Will Cypriots follow Greece and ban Google Street View?

‘OUR HOUSE in the middle of the web,’ sang one wag trying to stop the Google cameras from entering the village of Broughton near Milton Keynes. Not everyone is so keen to see his or her front door, rubbish bins and road stuck on the net for everyone to see.

It may be that an Englishman’s home is his castle but there is no drawbridge or moat to protect you from the car with the Google 360° camera perched on its roof. We are being watched, mapped and invaded.

But one country has defiantly said “No!”. Maybe it’s not surprising given its past that the Hellenic Data Protection Authority (HDPA) in Greece has refused Google cars entry into their land until they can prove that the pavement eye view of our everyday world is not a threat to national security and privacy. I’m with them. Wasn’t so long ago in Europe that we were causing confusion to invading forces by taking down street signs and putting up misleading signposts.

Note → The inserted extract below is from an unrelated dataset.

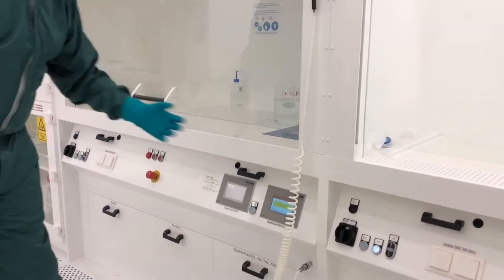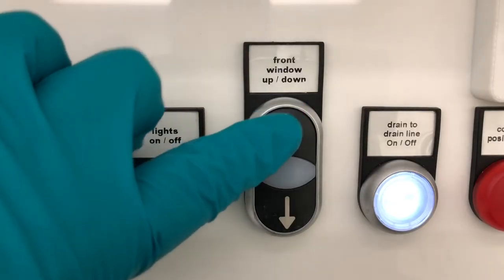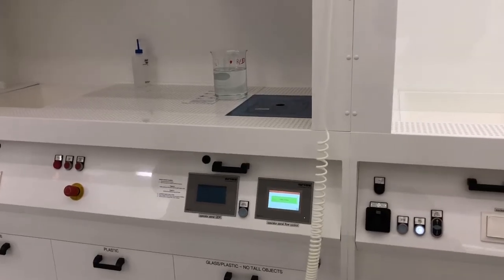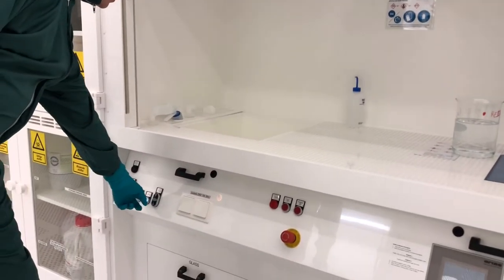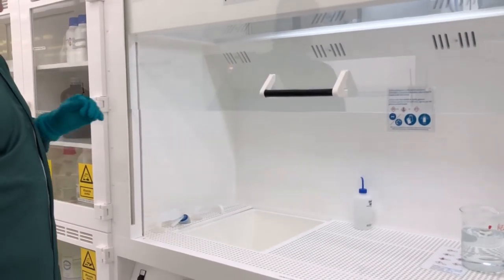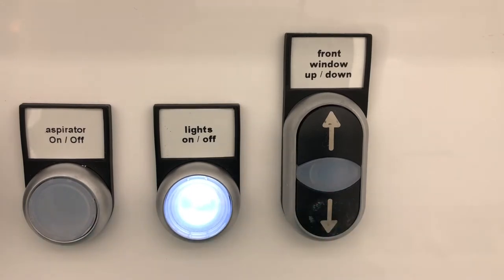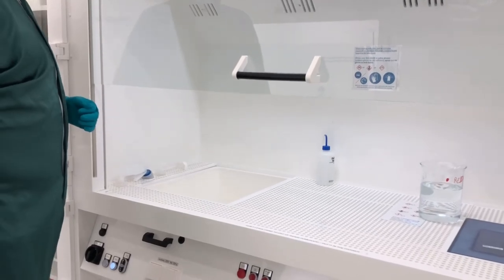The fume hood needs to be woken up from standby when not in use. Simply press the front window up arrow to start the ventilation, and the sash will open. You can switch on the lights so you can see what you are doing. Before starting your work, check that the sash height is suitable for you — try to keep it at chest height or lower. Press the down arrow to adjust the sash position, and press it again when you want the sash to stop. Now the fume hood is ready for use.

Now if I were a burglar, the first place I would look is on Google Earth to map my getaway and the second, would be Google street to spot the webcams, alarms, dangerous dog signs, fences, hedges and gates. We are making the life of those who want to break into our homes very easy indeed.

Arguably it’s good to be able to armchair travel and see 360°panoramas of famous sites, arguably it’s useful to be able to look at the road where you might want to buy a house, it’s helpful to have a look at a destination you are going to for a holiday or a meeting. But a level of intrusion that shows number plates on cars and faces on streets, despite assurances that these will be blurred, and the personal ephemera of someone’s rubbish bin is more than curiosity: it is intrusion.

Google maintains that it operates within the law and that it only takes photos from public areas, places where webcams already might operate. It argues that estate agents and Jo Public can already take pictures of any building and publish it on the web. They have a point. But what makes their service different is its accessibility and comprehensive coverage. They hope eventually to have the whole world in their hands, as another song goes.

All of us can be ogled by Google, doing whatever we happen to be doing at that particular moment when the shutter clicks. This has been highly embarrassing caught-on-camera moment for some: urinating in public, being arrested, skinny dipping, or simply being somewhere where they shouldn’t be. There are means to remove your image from the site but the point is that you have to be the proactive one.

There are those that say we live in a surveillance society, that knowing we are being watched will make us behave more responsibly. But I doubt that will be the case, I think we will simply go on doing the same old, same old… it’s just that we have to be prepared that peeping toms who used to hide behind hedges and look out of their windows will simply be twitching the internet rather than the net curtains.

Personally, I prefer my privacy, but if they do have to film us at least Google could warn us when they are coming, the mind boggles when imagining what fun could be had.